Ante las débiles personalidades que hoy en día constatamos en algunos adolescentes, que se quiebran como frágiles copas de cristal frente a pequeñas adversidades, queremos proponer una posible solución que ayude a los padres de familia y a los formadores: darles de comer “hígado encebollado”… El ejemplo de una familia nos puede iluminar al respecto.
Apenas subir a la camioneta, después de que mamá les recogía de la escuela, venían las preguntas acostumbradas: “¿qué hay de comer hoy, mamá? ¿De qué es la sopa? ¿Y el postre?”
Para los varones, las respuestas del interrogatorio culinario al que se veía sometida la madre, que ahora hacía las veces de chofer y por la mañana había sido chef, les daban exactamente lo mismo. Arrasarían con todo aquello que se les pusiera en el plato. No así para las niñas, que aunque siempre compartieron la misma mesa, eran más exclusivas en sus gustos alimenticios. Ese refinamiento se acentuaba en la hija mayor, Paty, pues algunos alimentos, por su sola apariencia, simplemente no los soportaba.

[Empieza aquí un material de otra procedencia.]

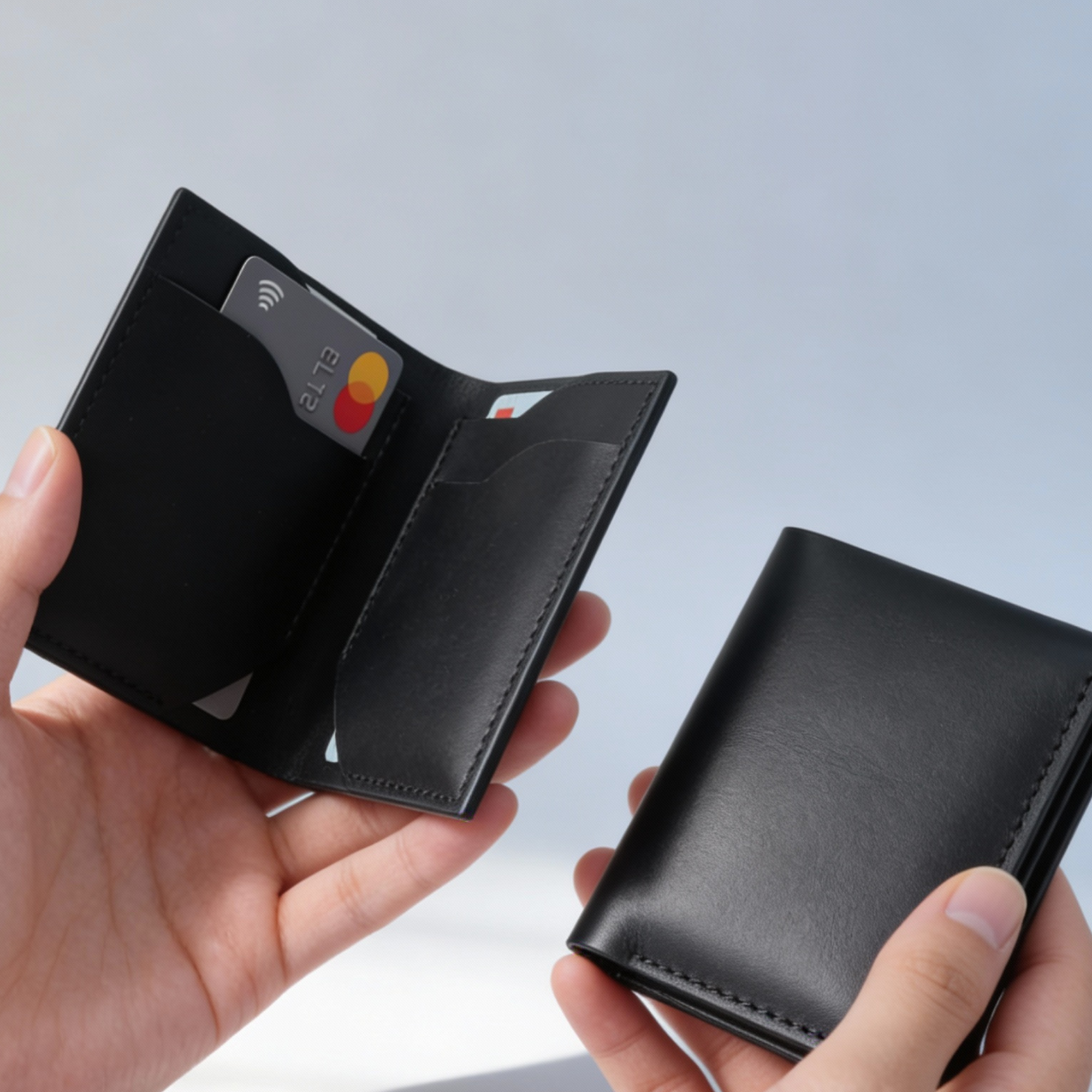 4 Kart Bölmeli Premium Gerçek Deri Cüzdan – Hakiki Deri, İnce ve Şık Tasarım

Son cosas que suceden en cualquier familia normal...
Después de que en el camino la madre ofreciera una descripción detallada del menú casero, llegaban a casa a cumplir siempre el mismo ritual: saludar a papá de beso, luego cambiarse los uniformes por ropa de civil (en la comida seguro se ensuciarían…), para al fin bendecir los alimentos y sentarse a la mesa familiar.

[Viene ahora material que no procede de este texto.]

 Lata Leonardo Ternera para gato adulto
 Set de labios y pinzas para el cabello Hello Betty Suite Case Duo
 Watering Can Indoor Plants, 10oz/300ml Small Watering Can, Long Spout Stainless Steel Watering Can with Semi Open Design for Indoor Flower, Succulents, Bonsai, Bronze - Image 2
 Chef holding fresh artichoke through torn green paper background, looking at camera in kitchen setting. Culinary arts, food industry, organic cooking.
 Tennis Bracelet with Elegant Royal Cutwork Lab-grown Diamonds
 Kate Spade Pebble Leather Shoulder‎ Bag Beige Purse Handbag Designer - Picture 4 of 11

La hora de la verdad había llegado. Los 5 hijos, con un conocimiento previo de los guisos a ingerir, se disponían cada uno según sus apetitos.
Paty podía controlar la situación con aquellos alimentos que no prefería. Los esparcía por el plato, los combinaba desproporcionadamente con otros alimentos, se los pasaba con agua, etc. Sólo había un platillo que verdaderamente no podía soportar: el hígado de res encebollado.
En un escenario de este tipo, Paty recurría a métodos más sofisticados: hablaba sin control de las aventuras colegiales en la secundaria y de las injusticias académicas cometidas por sus profesores, esperando a que todos se levantaran de la mesa. O buscaba por todos los medios transportar, con agilidad y rapidez magistrales, un pedazo o la totalidad del hepático bistec al plato del hermano más cercano.
Más de alguna vez lo consiguió y evadió el bocado amargo, pero la mayoría de las veces papá, que sabía y comprendía la situación de su hija adolescente, motivaba a Paty con paciencia y caridad para que comiera lo más posible. Esta “trágica” situación, y el típico “tantos niños no tienen nada qué comer…”, provocó más de una lágrima en su chiquilla.
Ahora la Sra. Patricia, 20 años después, está felizmente casada y es madre de 3 hermosos niños. Las adversidades no han faltado en su vida, como en cualquier familia normal.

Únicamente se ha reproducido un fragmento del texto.